# Lake Winfield Scott



## Topwater (Jan 2, 2011)

Has anybody camped at Lake Winfield Scott?  I plan on doing some tent camping up there soon.  I understand it is open year round.


----------



## riprap (Jan 2, 2011)

I have been there many times. That kind of looks like Desoto Falls in your pic.


----------



## Rays123 (Jan 2, 2011)

camped there quite a few times, very good place to camp


----------



## riprap (Jan 2, 2011)

There are two loops. The loop by the lake has some tent only, kind of primitive camping. The other places have tent pads and water stations close by. The first loop has two bath houses, and the second one has one and one by the beach. I have never been there in the winter, I wonder how they keep things from freezing?


----------



## Topwater (Jan 3, 2011)

riprap said:


> I have been there many times. That kind of looks like Desoto Falls in your pic.



Yes it is Desoto Falls


----------



## flattbottomfisher (Jan 5, 2011)

i think they turn off the facilities in the winter, been alot in the summer though, great acces to the AT.


----------



## chickenhawk (Jan 28, 2011)

It is open year round.  I have been in Winter and only one loop was open.  Not sure if it was closed for Winter or some kind of repair.  Good hike to the top of Blood Mountain from there and some pretty good fishing.

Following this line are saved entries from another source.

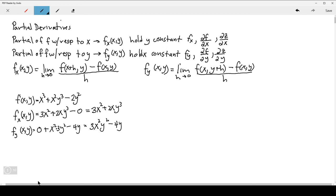You can think of the first partials as indicating the slope of the tangent line in a particular direction. So f_x would be the slope of the tangent line to the surface in the direction of x.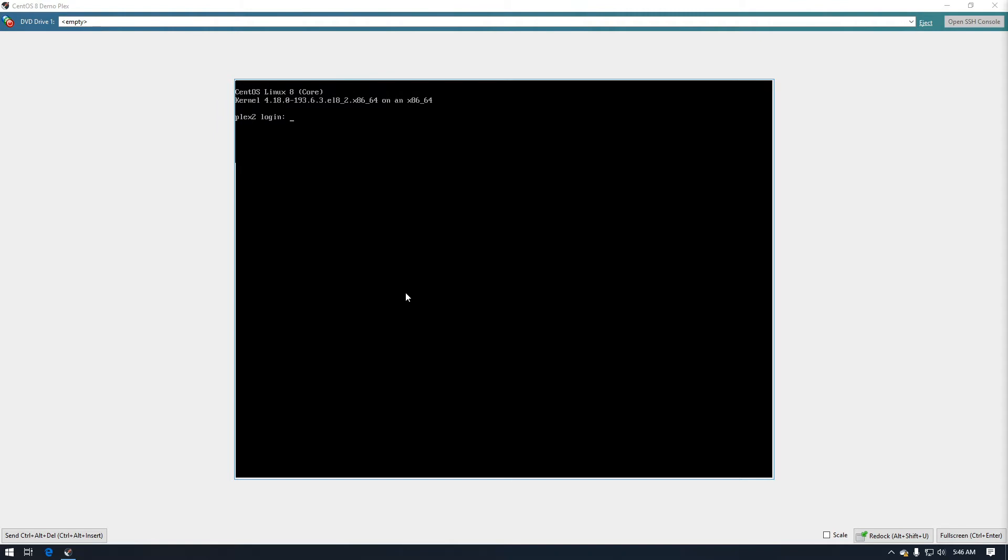So the first thing you need to do is log in as the root user and then the other thing we need to do is install DNF automatic.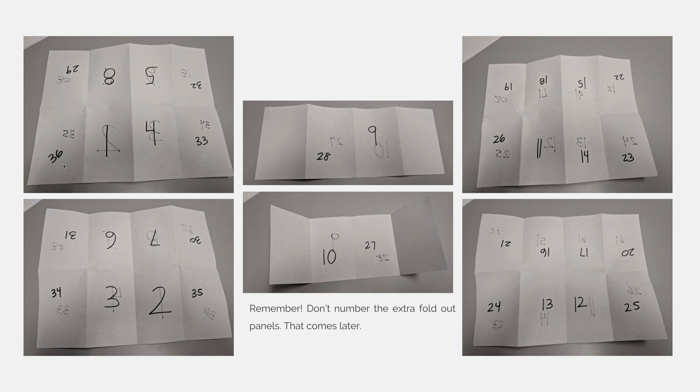Now it seems random to us when we just look at it, but if you were to fold the signature down, assemble the signatures, and bind the book using saddle stitching, after you three-side trim the book and you look at it, all the pages went back into the right order.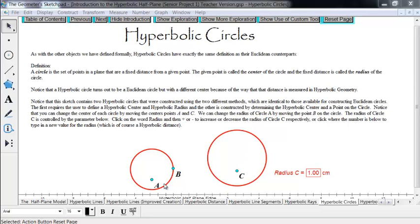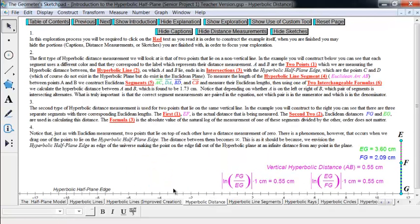We're going to look at hyperbolic circles. The definition of a hyperbolic circle is the same as in Euclidean geometry: a circle is a set of points in a plane which are a fixed distance, called the radius, from a given point called the center. That fixed distance is a hyperbolic distance, and those points are points in our hyperbolic plane model.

The lake has trout, perch, bass, catfish, and brim.


----------



## Sterlo58 (Jan 29, 2011)

Used to be my favorite place to camp many years ago when I was a kid.

Hike the trail...pretty decent fishing.


----------



## Eagle7 (Feb 11, 2011)

I believe it is closed for the winter.  Check the website.  However, it is a great place to camp.  Hiking, Fishing etc... There is a great tent spot at the very back of the last loop past the lake.  It is isolated - hope your not scared of bears   Just kidding but it will cross your mind.  

Have fun!


----------